After successfully uploading the program to the microcontroller, I opened the nRF Connect mobile application and scanned for available Bluetooth devices. I located the device named XIAO_DHT11, and upon connecting to it, I navigated to Client > Unknown Services > Unknown Characteristics, where I was able to view the live temperature and humidity values being transmitted. This process effectively demonstrated real-time wireless data transfer using Bluetooth and allowed for seamless sensor data visualization through a mobile interface.
Secondly, I wrote a program for the ADXL345 accelerometer sensor, interfacing it with the XIAO ESP32-C3 microcontroller using the blue tooth protocol. In this phase of the project, I explored how to capture real-time acceleration data along the X, Y, and Z axes. The ADXL345 is a low-power, high-resolution, 3-axis digital accelerometer, ideal for motion and orientation sensing applications.
Program Code for ADXL345 Accelerometer Sensor
#include < Wire.h>
#include < Adafruit_Sensor.h>
#include < Adafruit_ADXL345_U.h>
#include < BLEDevice.h>
#include < BLEServer.h>
#include < BLEUtils.h>
#include < BLE2902.h>
// BLE Service & Characteristic UUIDs
#define SERVICE_UUID "4fafc201-1fb5-459e-8fcc-c5c9c331914b"
#define CHARACTERISTIC_UUID "beb5483e-36e1-4688-b7f5-ea07361b26a8"
// Accelerometer
Adafruit_ADXL345_Unified accel = Adafruit_ADXL345_Unified(12345);
// BLE stuff
BLECharacteristic *pCharacteristic;
bool deviceConnected = false;
class MyServerCallbacks : public BLEServerCallbacks {
void onConnect(BLEServer* pServer) {
deviceConnected = true;
Serial.println("✅ BLE Client Connected");
}
void onDisconnect(BLEServer* pServer) {
deviceConnected = false;
Serial.println("❌ BLE Client Disconnected");
}
}
>void setup() {
Serial.begin(115200);
delay(1000);
// I2C
Wire.begin(D4, D5);
// Init ADXL345
if (!accel.begin()) {
Serial.println("❌ ADXL345 not found. Check wiring.");
while (1);
}
accel.setRange(ADXL345_RANGE_2_G);
Serial.println("✅ ADXL345 Ready");
// Init BLE
BLEDevice::init("XIAO_ADXL345");
BLEServer *pServer = BLEDevice::createServer();
pServer->setCallbacks(new MyServerCallbacks());
BLEService *pService = pServer->createService(SERVICE_UUID);
pCharacteristic = pService->createCharacteristic(
CHARACTERISTIC_UUID,
BLECharacteristic::PROPERTY_NOTIFY
);
pCharacteristic->addDescriptor(new BLE2902());
pService->start();
pServer->getAdvertising()->start();
Serial.println("🔵 BLE Ready - Waiting for connection...");
}
void loop() {
if (deviceConnected) {
sensors_event_t event;
accel.getEvent(&event);
char data[50];
snprintf(data, sizeof(data), "X: %.2f Y: %.2f Z: %.2f",
event.acceleration.x,
event.acceleration.y,
event.acceleration.z);
Serial.println(data);
pCharacteristic->setValue((uint8_t*)data, strlen(data));
pCharacteristic->notify(); // Send notification to client
delay(500); // Adjust refresh rate
}
}
I developed and uploaded the program using the Arduino IDE, which provided a convenient platform for writing and uploading the code.

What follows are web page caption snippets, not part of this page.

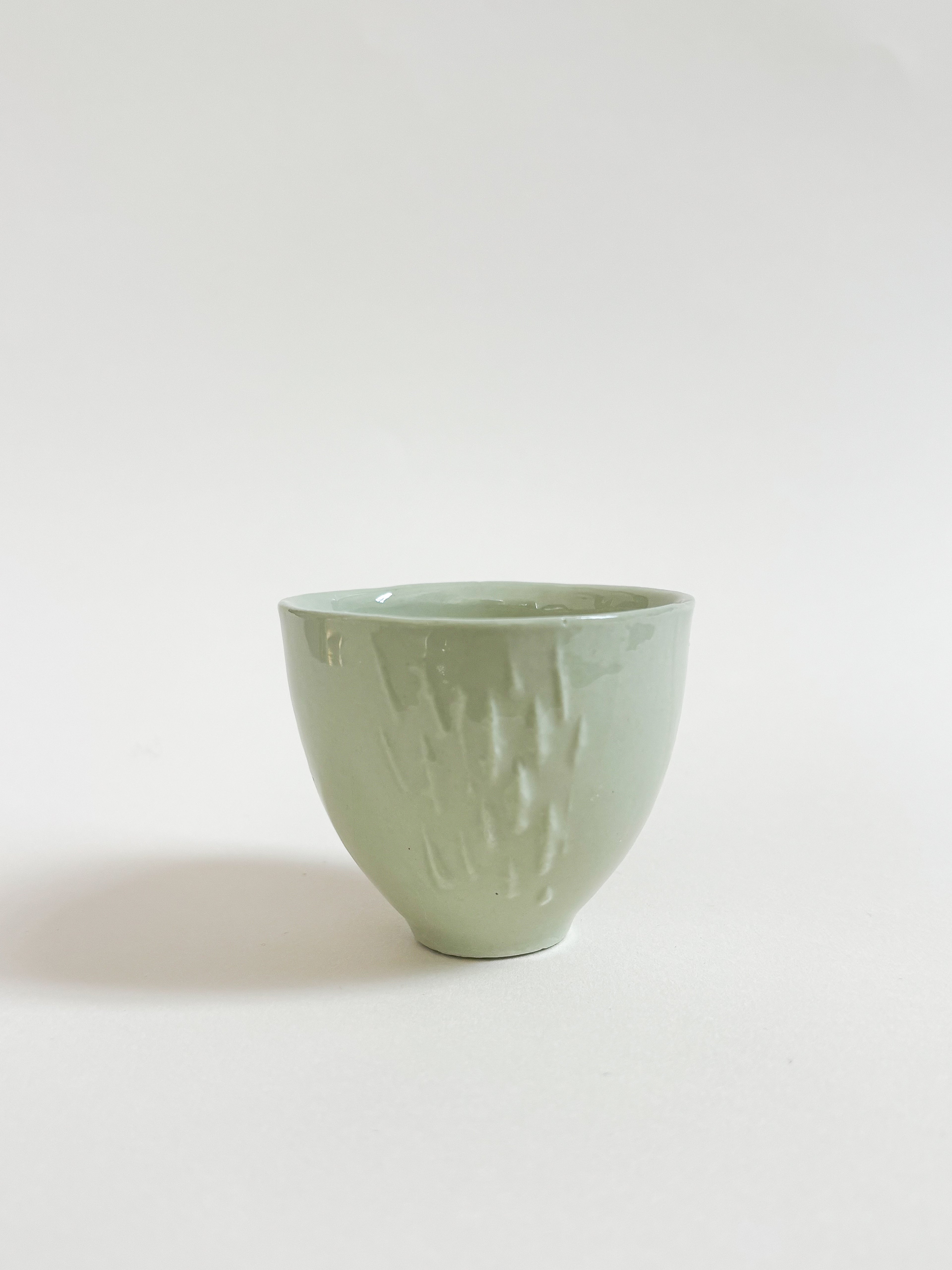 Tasse espresso « Noisette » en porcelaine (60ml) n•2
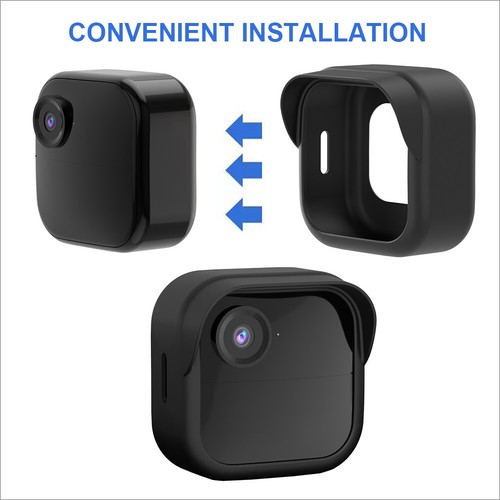 Silicone Camera Protective Case Cover for Blink Outdoor 4 (4th Gen) (2Pcs) - Zdjęcie 9 z 10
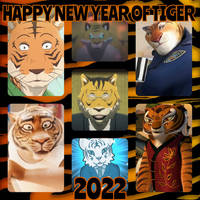 HAPPY (TOO LATE) NEW YEAR OF TIGER!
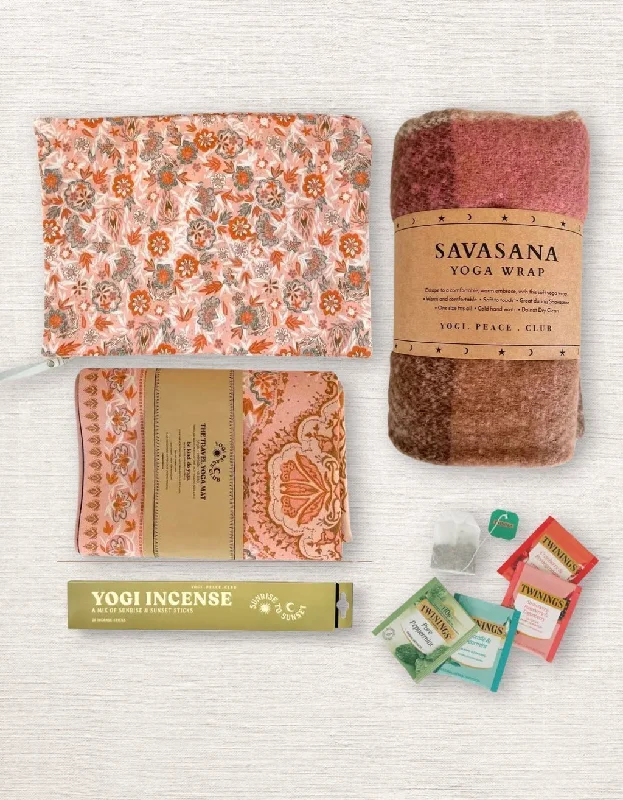 Unmissable Discounts On High-Quality Yoga Props Twinings Yoga Travel Set - Salty Peach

After uploading the code, I used the nRF Connect mobile application to scan for available Bluetooth devices, located the XIAO_ADXL345 module, and connected to it. By navigating through Client > Unknown Services > Unknown Characteristics, I was able to view the live acceleration values transmitted over Bluetooth. This setup enabled wireless monitoring of motion data and demonstrated the effective use of the Bluetooth protocol in real-time sensor applications.
Wireless WI-FI Comunication
The DHT11 is a small sensor used to measure temperature and humidity. It is easy to use with microcontrollers like the XIAO ESP32-C3.
When we connect the DHT11 sensor to the XIAO ESP32-C3, we can read the temperature and humidity values. The ESP32-C3 has built-in Wi-Fi, so we can send the sensor data wirelessly over a Wi-Fi network.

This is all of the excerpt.